Problem to work on: The required output is the lines from the one with "24V strandbuggy rood, hoge" through the end of the data, repeated verbatim, with no pictures included.

═════ Information provided ═════

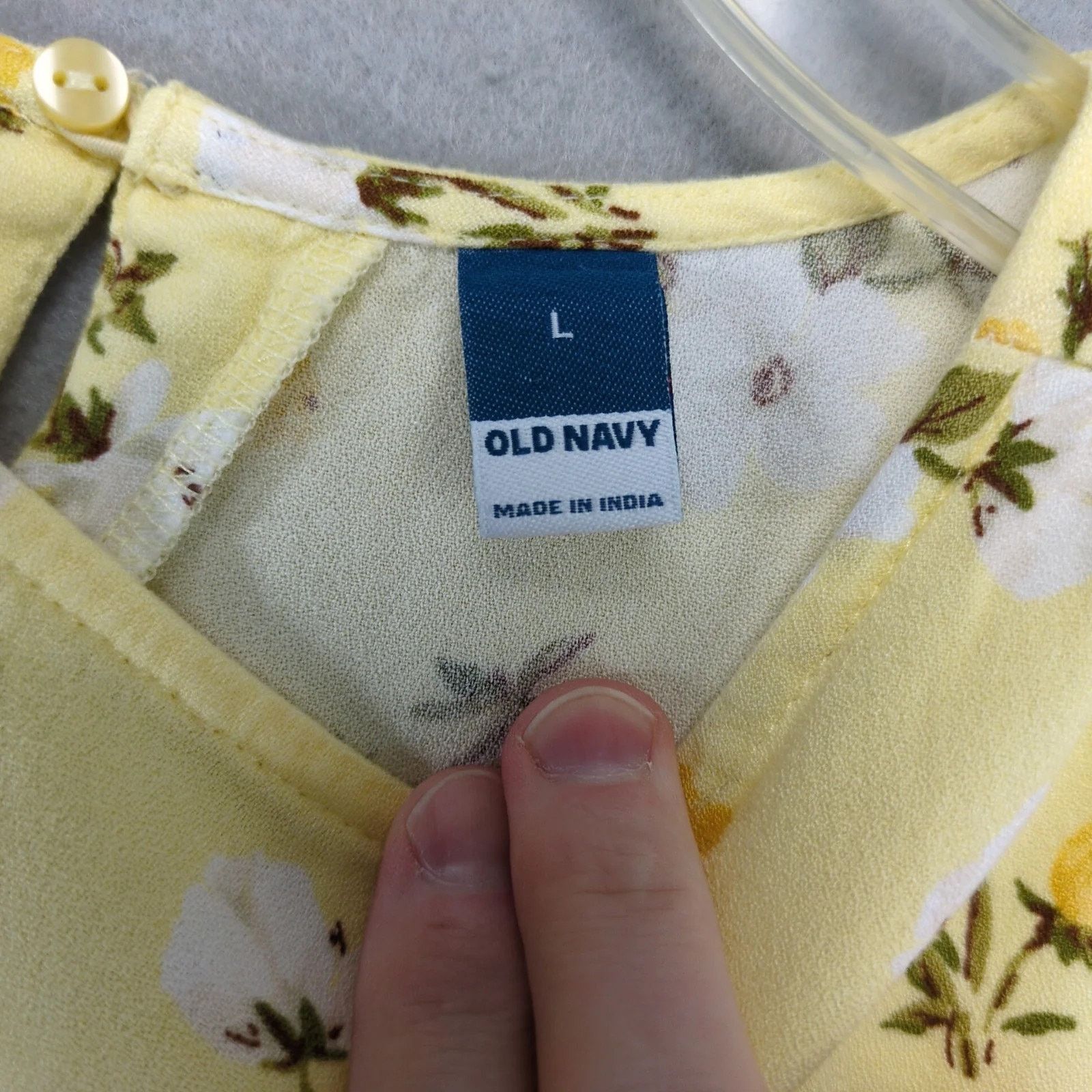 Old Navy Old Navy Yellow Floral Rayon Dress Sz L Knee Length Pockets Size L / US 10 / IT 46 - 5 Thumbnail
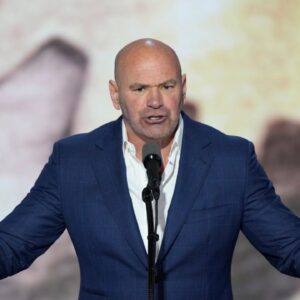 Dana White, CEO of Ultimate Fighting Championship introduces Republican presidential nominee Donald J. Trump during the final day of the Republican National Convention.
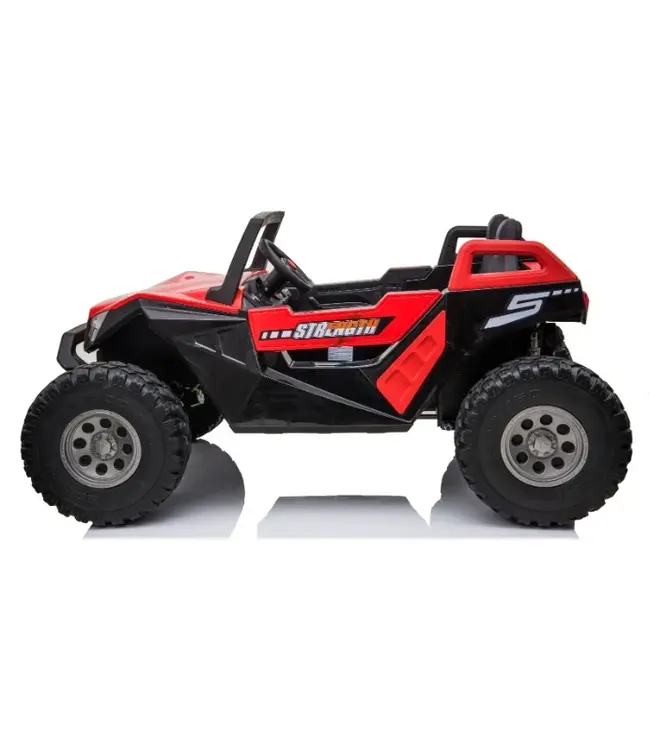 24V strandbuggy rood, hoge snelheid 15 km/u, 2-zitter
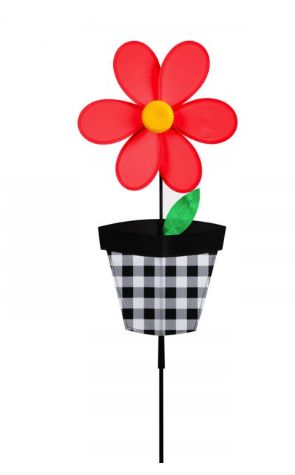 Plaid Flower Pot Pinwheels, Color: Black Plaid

═════

Answer space:
 24V strandbuggy rood, hoge snelheid 15 km/u, 2-zitter
 Plaid Flower Pot Pinwheels, Color: Black Plaid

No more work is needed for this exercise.